Queste dichiarazioni avevano spinto la procura a chiedere persino il diniego della sospensione condizionale, sostenendo che, rimanendo libero e in servizio, avrebbe potuto reiterare il reato. Secondo i pm di Brescia, la tesi della difesa sarebbe inaccettabile: “L’attività integrativa di un’indagine – hanno dichiarato in aula – va depositata indipendentemente dal fatto che il pm l’abbia svolta personalmente o l’abbia ricevuta da altra autorità giudiziaria, perché il giudizio di rilevanza su quell’attività non è di esclusivo appannaggio del pm, ma anche della difesa. Nel nostro ordinamento il pubblico ministero agisce sempre e comunque nell’interesse della giustizia e mai in quello proprio, con il corollario dell’indifferenza sua all’esito del processo“.

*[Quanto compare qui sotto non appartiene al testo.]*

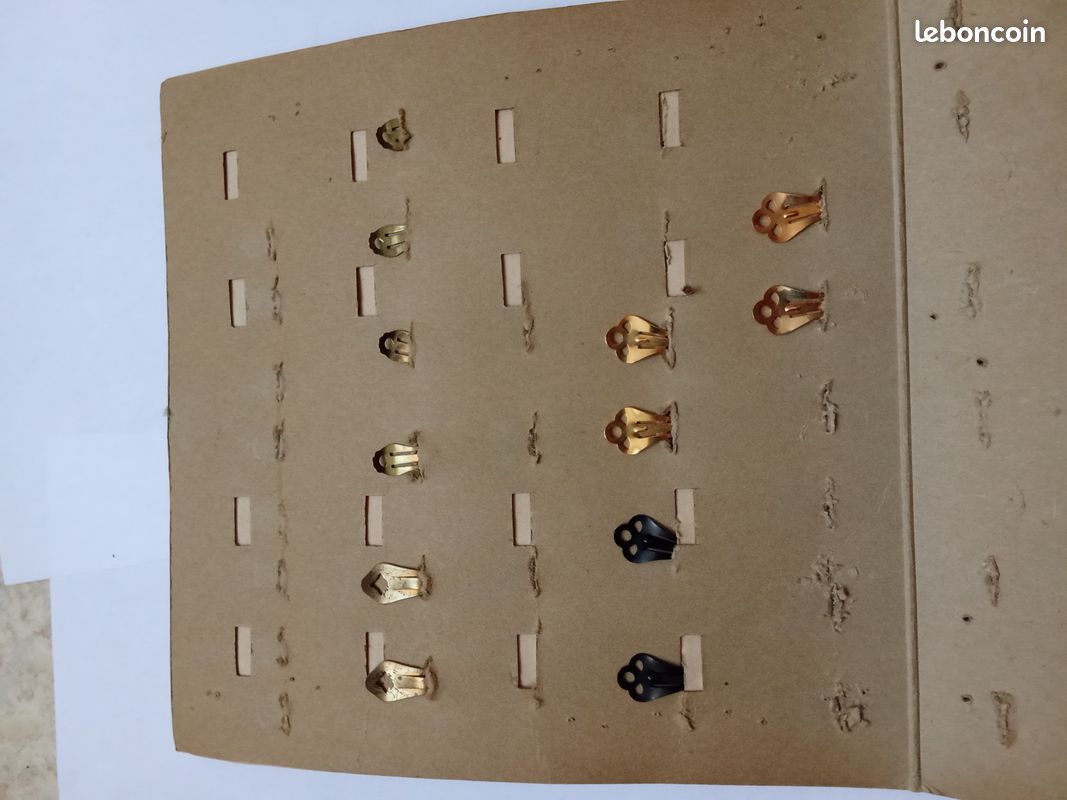 Lot de 6 paires de boucles d'oreilles neuves pour femme à pince pas besoin d'oreilles percées expédition rapide par mondial Relay (image 3)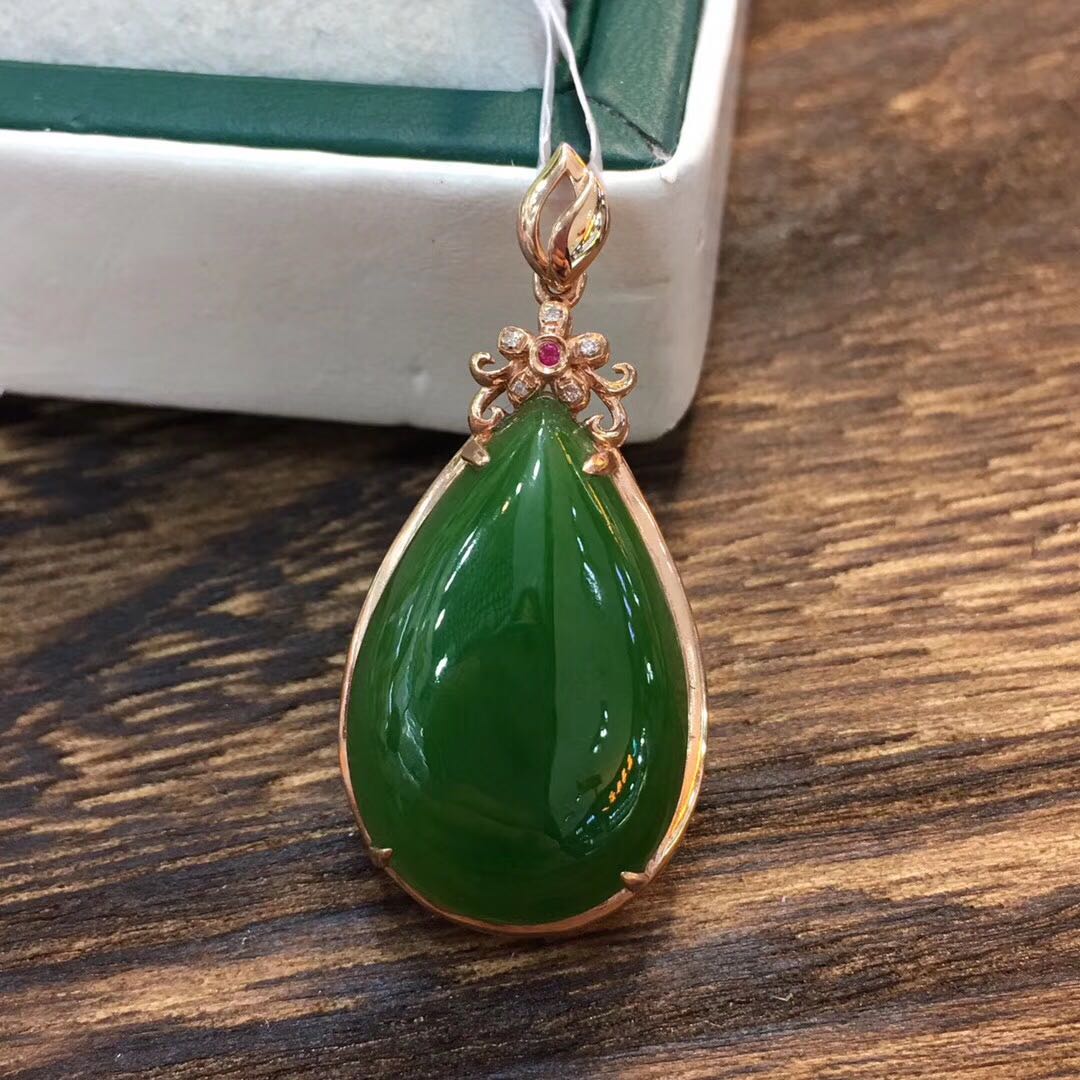 夏季新款天然和田玉水滴吊坠女菠菜绿碧玉项链送妈妈老婆礼物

Le motivazioni della sentenza verranno depositate tra 45 giorni
. La difesa ha già annunciato il ricorso, infatti secondo l’ avvocato Dinoia si tratta di “un pericoloso precedente – ha dichiarato al Dubbio -, perché pone in forse adesso addirittura il principio dell’autonomia processuale del pm. Era una situazione molto particolare: l’accusa è che i due pm non hanno depositato dei documenti, non prove, che è una cosa diversa. E i due pm questi documenti non li avevano, è pacifico. Avrebbero dovuto chiederli, ma il pm, in base all’articolo 430, è padrone di fare o non fare attività integrativa d’indagine. Se una persona esterna al processo, come Storari, può dire “devi fare questo e compiere questa attività di indagine pur non sapendone nulla di quel processo” e si rischia di andare in galera – ha concluso – i processi saranno condizionati dall’esterno. Basta mandare degli atti e il pm sarà obbligato a depositarli“.
“Siamo di fronte ad una sentenza giusta. I Pubblici Ministeri sono Magistrati tanto quanto lo sono i Giudici e non possono e non devono nascondere prove, anche quando non sono favorevoli all’accusa. Un caso che non dovrà ripetersi e che non deve scalfire la fiducia nell’operato dei Pubblici Ministeri“, commenta l’ avv. Pasquale Annicchiarico, partner dello studio legale Dentons e avvocato di Gianfranco Falcioni, ex console onorario per l’Italia in Nigeria ed unica parte civile nel dibattimento.